There are many times I feel overwhelmed. Overwhelmed by exhaustion, bills, activities, chores, emotions, and sometimes, even people. When I was depressed "overwhelmed" was my word. I told myself often that I was overwhelmed. As God healed me He used the words of Psalm 61:2 to speak to me. "From the end of the earth will I cry unto thee, when my heart is overwhelmed: lead me to the rock that is higher than I."  So many times now, He has led me to a rock that is higher than me. In times of need He has provided. In times of busyness He has given me rest. In times of discontentment and grumbling He has opened my eyes to just how blessed I am. 

This last week I've experienced a different kind of "overwhelmed".  Over and over God has reminded me of where He has brought me. Where He has brought me from. And it's overwhelmed me. When I say "God is good", I mean it. The other night I drove up to my house with fall decorations and a yard full of scooters, tricycles and balls. And I wanted to cry. I had just heard a heartbreaking story about a girl whose life will never be the same because of a tragic circumstance. And it occurred to me how unbelievably blessed I am that God's grace has covered so many of my bad choices and His Spirit has empowered me to avoid others. It is overwhelming.

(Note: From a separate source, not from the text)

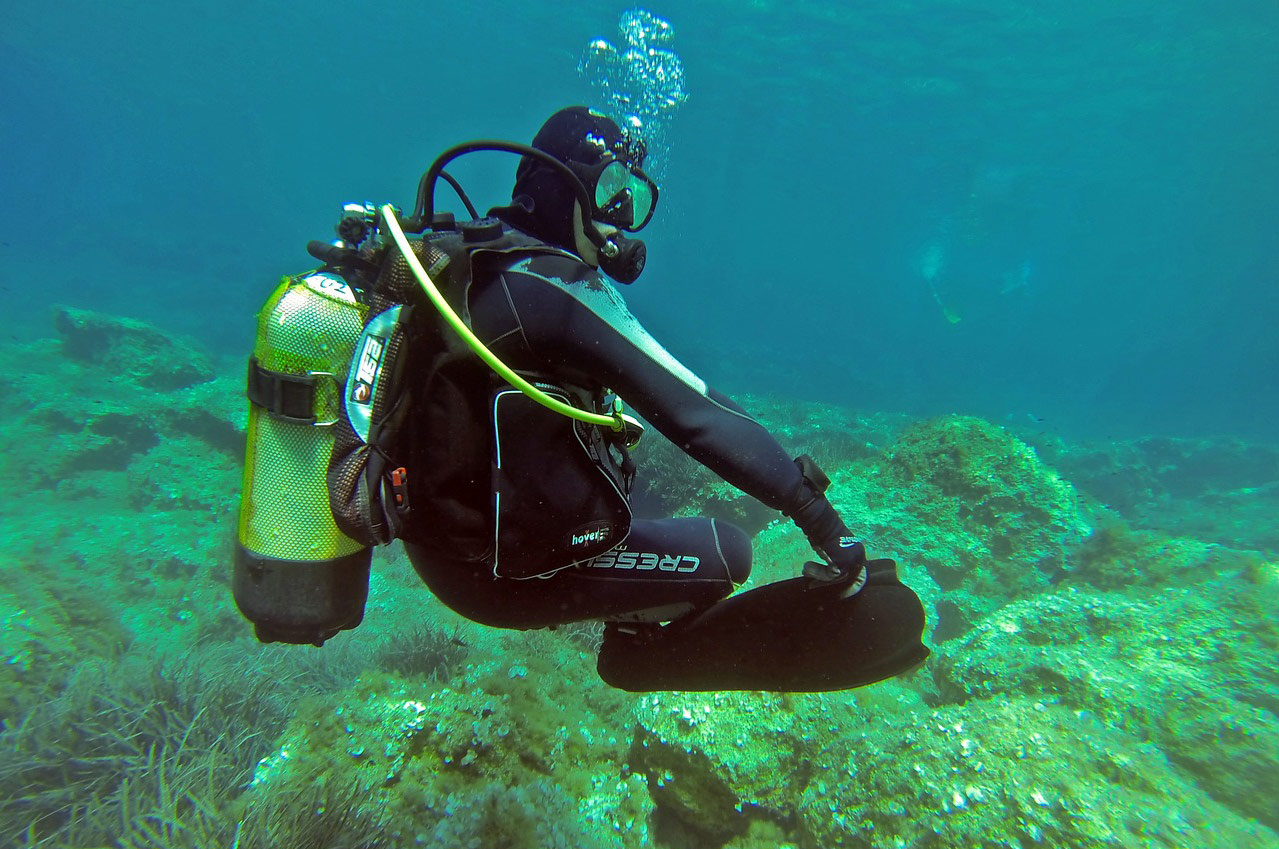 How Long Does A Tank of Oxygen Last In Scuba Diving | TouristSecrets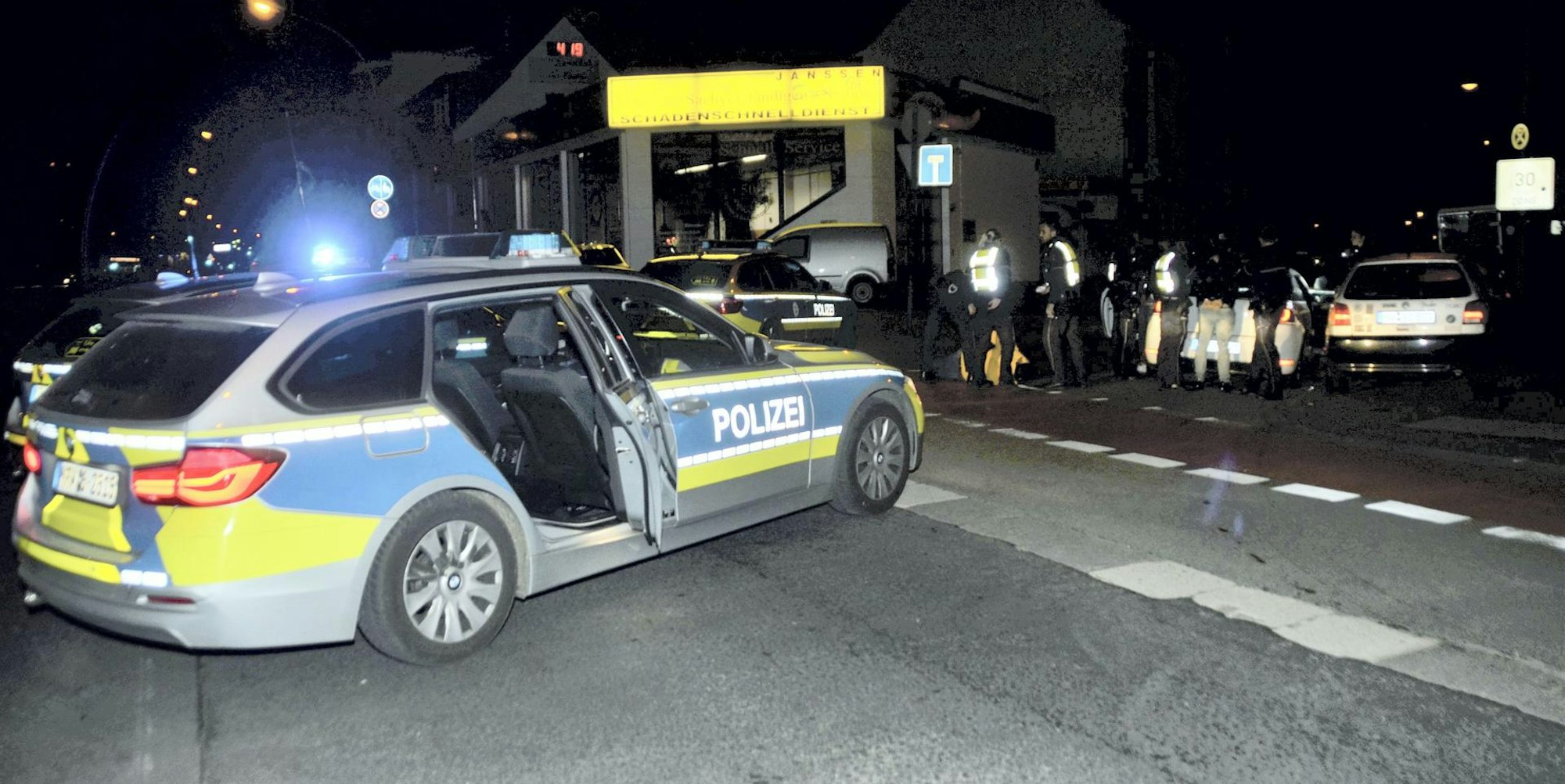 Verfolgung_in_Koeln_Muelheim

I often share stories of the chaos and craziness of motherhood. I can't tell you we've outgrown that stage. Just today Kate didn't want to stay at school because she didn't like her shirt and my tire went flat as soon as I got home from the school. But, in the midst of the craziness and chaos, I have felt overwhelmed by the gift I've been given by having these little people in my life.  Their Daddy, too. I've given up asking God why He's been so good to me. I've just started thanking Him. I've learned it's all Him. 

Highlights of my week in motherhood:

* Wednesday night Eli wrote "E loves Mommy" on his paper at church. What can I say? Mommy loves E.  :)

* Today Kate asked me what she should name her kids. I know, this should be terrifying after her announcement that she has a boyfriend. But I love that she thinks being a Mommy is  a good thing. She decided on the names Jasper and Kyla.  

* Before deciding on names for her children Kate told me she wants to be a ballerina firefighter. I hope that means she will entertain people while the fires are being put out.

* At dance last night Sarah had a slap bracelet. I took it and was playing with it while I watched the girls dance. I realized I was bleeding and had somehow managed to cut myself with a slap bracelet. (I am talented like that.) Sarah was so upset and threw the bracelet away right there! This morning I had already forgotten all about it, but the first thing she asked me was how my hand was. She is so compassionate!

* Tonight, Eli asked if he could go grocery shopping with me. I decided to just take him because I feel like I don't spend as much one on one time with him. I couldn't believe he wanted to go grocery shopping, but he wanted to hold the list and mark stuff off. I think he may have also figured out he has a better chance of getting a few extra things that he really likes if he "helps" with the shopping. :)


* I'm in love with these babies. And overwhelmed that God loves me enough to put them in my life!

3 comments:

Lori said...

Being a Mom is good! Those kids are so super cute!! That just hit me again when I looked at these pictures!

Melody said...

Oh how precious are your children! You are a fabulous Mom. You kids are blessed and so are you.

Karen said...

I love your kids. They are awesome. They have aweseome parents too! (and I am totally with Eli on the marking stuff off the list thing :D )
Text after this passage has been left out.